- TASK TO CARRY OUT -
Copy the lines below as they are; omit the images they contain.

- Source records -
====================

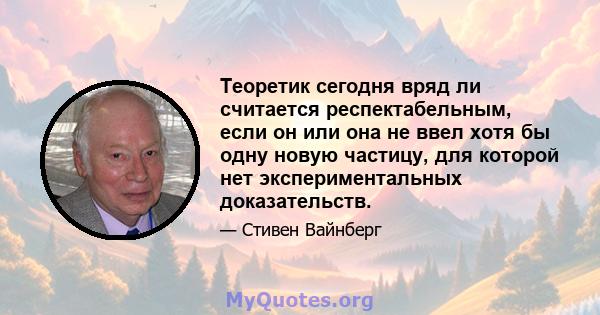 Теоретик сегодня вряд ли считается респектабельным, если он или она не ввел хотя бы одну новую частицу, для которой нет экспериментальных доказательств.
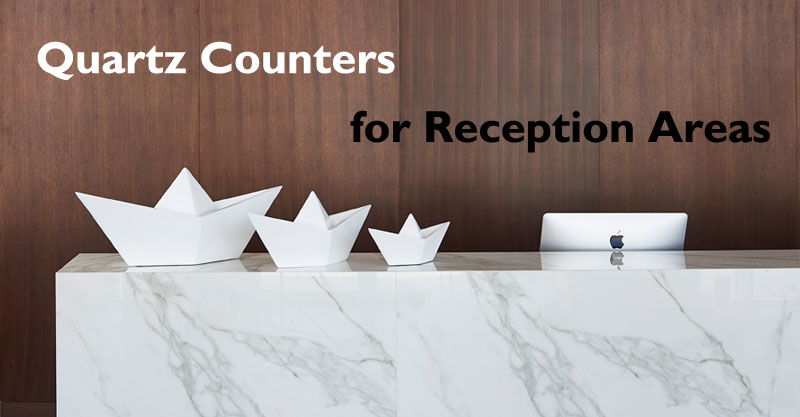 quartz counters for reception areas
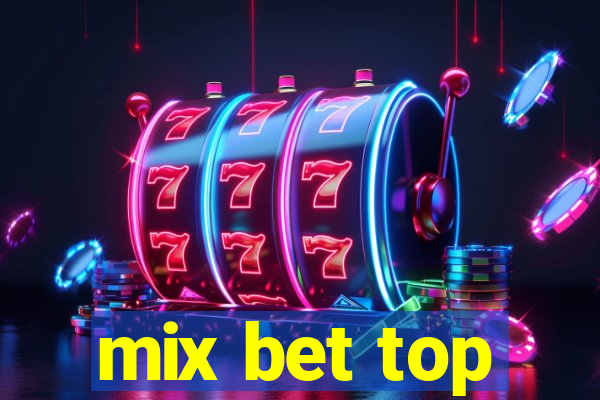 mix bet top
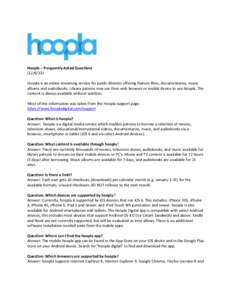 Hoopla – Frequently Asked Questions[removed]Hoopla is an online streaming service for public libraries offering feature films, documentaries, music albums and audiobooks. Library patrons may use their web browser or 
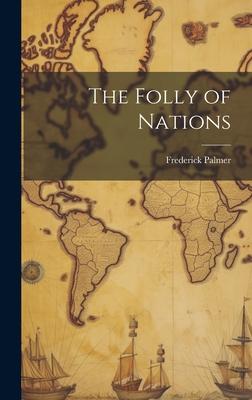 The Folly of Nations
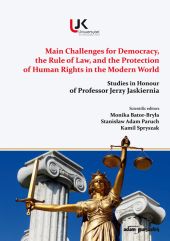 Main Challenges for Democracy, the Rule of Law and the Protection of Human Rights in the Modern World Main Challenges for Democracy, the Rule of Law and the Protection of Human Rights in the Modern World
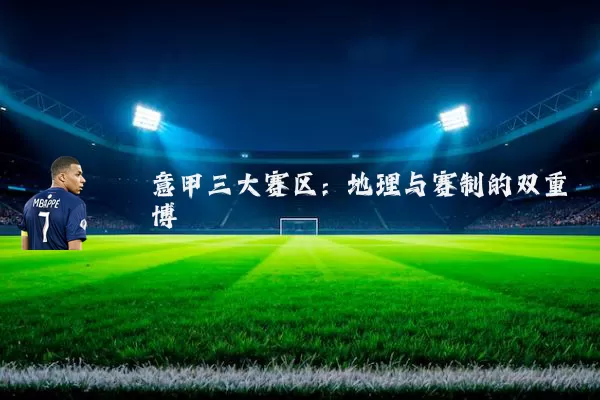 意甲三大赛区:地理与赛制的双重博弈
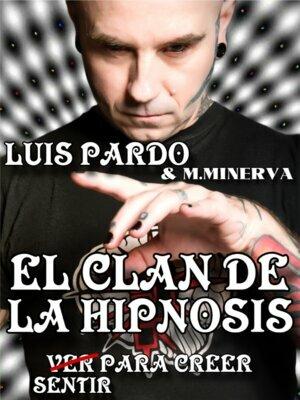 El Clan de la Hipnosis - Luis Pardo Mentalista & Minerva (Mentalismo)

====================

- SOLUTION TO THIS PROBLEM -
 Теоретик сегодня вряд ли считается респектабельным, если он или она не ввел хотя бы одну новую частицу, для которой нет экспериментальных доказательств.
 quartz counters for reception areas
 mix bet top
 Hoopla – Frequently Asked Questions[removed]Hoopla is an online streaming service for public libraries offering feature films, documentaries, music albums and audiobooks. Library patrons may use their web browser or 
 The Folly of Nations
 Main Challenges for Democracy, the Rule of Law and the Protection of Human Rights in the Modern World Main Challenges for Democracy, the Rule of Law and the Protection of Human Rights in the Modern World
 意甲三大赛区:地理与赛制的双重博弈
 El Clan de la Hipnosis - Luis Pardo Mentalista & Minerva (Mentalismo)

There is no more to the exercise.